Today it finally started bugging my asthma a bit. Of course, I need to be mindful of my health, as my mom keeps reminding me (love ya mom). So I've been avoiding going outside. Not that it's really been that hard... I've been extremely busy the last couple days.
I walked out of the TMCB (math building) and the brown air was rather startling. It's kind of funny though... I don't really seem to care as much about the fire as I do at home. At home, if there was a fire within 25 miles, I was freaked out (refer to up in smoke.) Here, the entire valley is filled with smoke, and I checked the newspaper to find out that it is a prescribed burn out of control, but I don't even know how close it is.
Part of my apethy I attribute to a difference in surroundings. There is not really much chance that a fire would make it to where I live now. The mountainsides are within a mile or two, but somehow it seems so distant from me. At home, the hill right behind my house is a tinderbox, so any fire is a real concern.
On the other hand, my apathy extends beyond forest fires. At home, I am always interested in the weather. I keep close track of what the lows and highs are, and if there's any chance of rain, and what the totals for rainfall is. Here, I find out that there is a chance of rain when I feel a drop land on me. I find out that it's (relatively) windy when I see the wind whipping people's hair across their face.

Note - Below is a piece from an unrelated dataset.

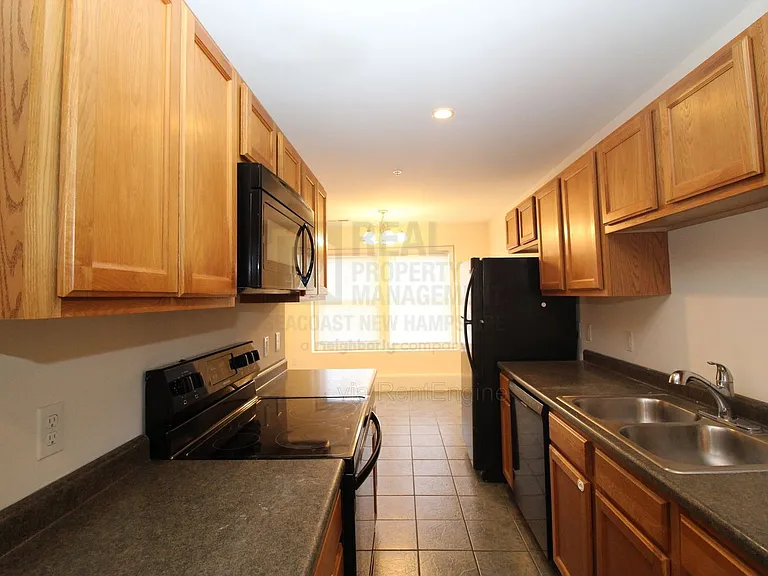 4 Waverly Dr — Photo 2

I don't know what the low is at night, nor what the high is in the morning. If there's a storm, I don't check how many days it's forecasted to stay, nor do I really care. I haven't quite figured it out yet...
So... tomorrow at about 900 am, I'll find out if the hazy skies return for a fourth day.
|added Sat September 27 2003 at 1:02 AM
|I've been trying to think of a catchy title for a day and a half now. In the end, I decided that it didn't matter... the only thing that matters is that I got the job!
Okay... Perhaps I should take a step (or two) back and start over from the very beginning.
When I first came back to Provo, I immediately started looking for employment. I don't have hardly any money right now, and I've already started falling back onto my credit card. Really, it's not a good feeling at all. Right now, I am the poorest I've ever been in my life, with one exception. Three weeks ago, I was feeling even poorer. It is truly a foreign concept to have to use my credit card because I don't have the cash on me at the moment.
Anyway... lets skip over that part a little bit. The second place that I looked for a vacancy was at the math lab. I've spent many hours sitting at the math lab working on my (math) homework, and asking for help from the TA's. I've always thought that that job would be great. I've taken enough math that I would definitely be able to help the lower division math classes (anything up to calculus 1 and 2). Other years, though, I didn't need a job. Unfortunately, when I went to check if they had any vacancies, I was told that they did not. So, I kept looking for a job.
I did find a job with catering, working at football games, but the pay isn't what I was hoping for, and I simply don't have a passion for it (yes, even though there are a lot of girls). For a while, I did telephone surveys for my cousin's company. But I hate calling people on the phone, and the job is 4-5 miles away (or farther... I've never measured the dstance).
A little over a week ago, someone came into my Ec En 301 class and announced that the math lab was desperately looking for TA's. I was at the Math Lab requesting an application within 30 minutes (I had to wait until class was done).
The whole application process took quite some effort... I had to get three letters of recommendation, and take a couple tests. Somehow, one of the letters got lost in the campus mail system, so I had to go bug Dr. C again, and hand carry the sealed envelope to the Math Lab. The tests were intentionally written to be difficult, so I didn't feel too great about the second test (the first was algebra and trig... and I nailed it. The second was calculus). The problem wasn't that I didn't know calculus, but rather that there is just *so* much material encompassed in calculus, and I don't like memorizing stuff.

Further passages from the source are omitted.